> COLLECTED MATERIAL:
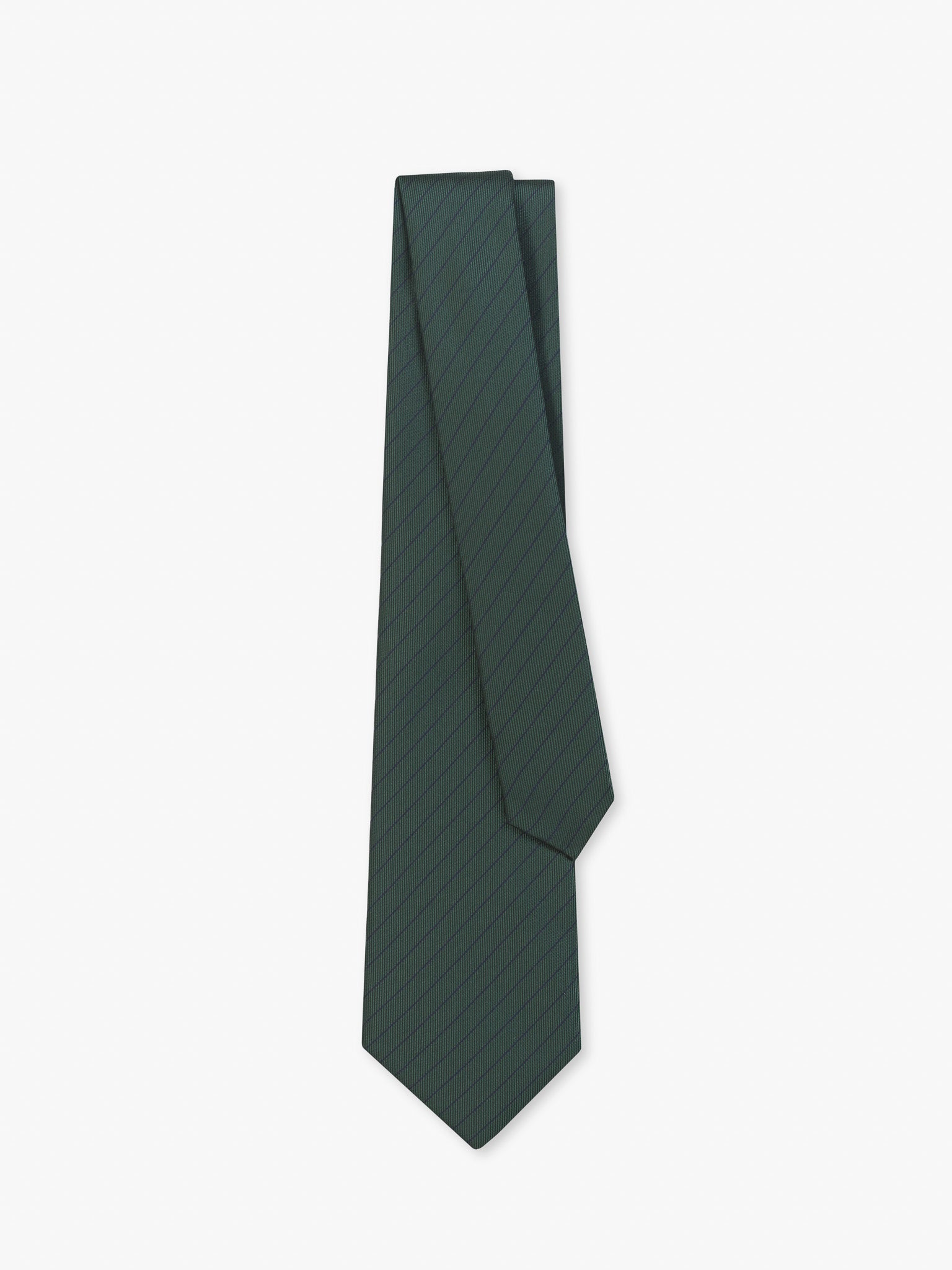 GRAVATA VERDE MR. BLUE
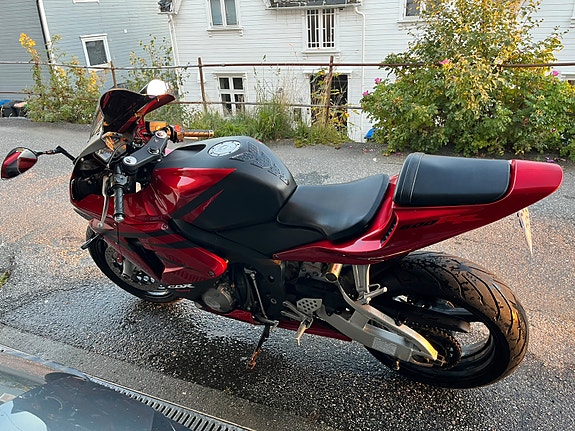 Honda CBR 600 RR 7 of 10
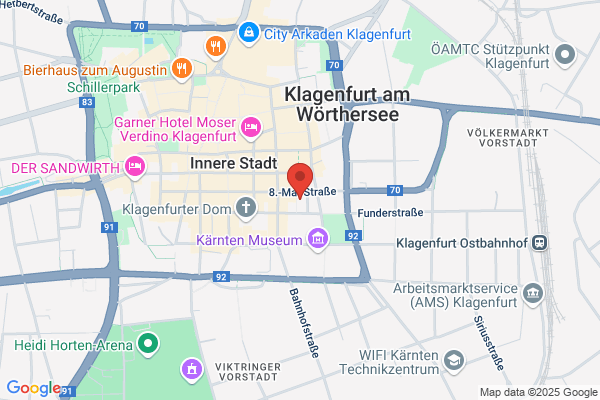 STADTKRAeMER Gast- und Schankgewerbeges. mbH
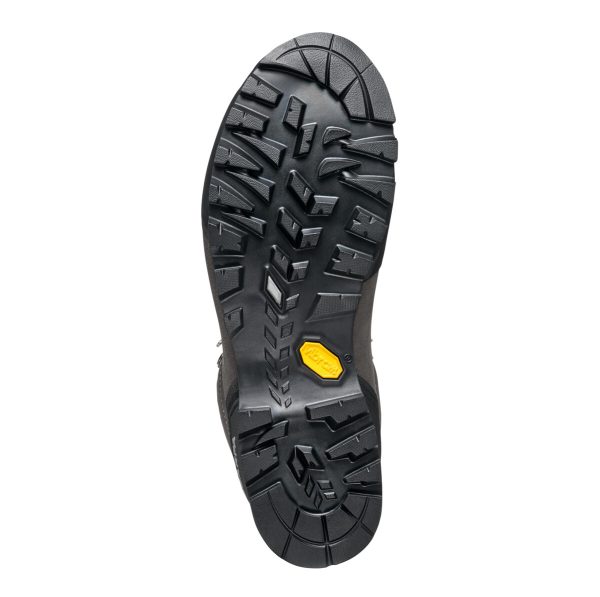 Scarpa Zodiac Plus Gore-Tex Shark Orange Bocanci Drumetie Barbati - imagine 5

> WHAT IS EXPECTED: When you set down the material above, keep every word exact and include no pictures.

> RESULT OF THIS EXERCISE:
 GRAVATA VERDE MR. BLUE
 Honda CBR 600 RR 7 of 10
 STADTKRAeMER Gast- und Schankgewerbeges. mbH
 Scarpa Zodiac Plus Gore-Tex Shark Orange Bocanci Drumetie Barbati - imagine 5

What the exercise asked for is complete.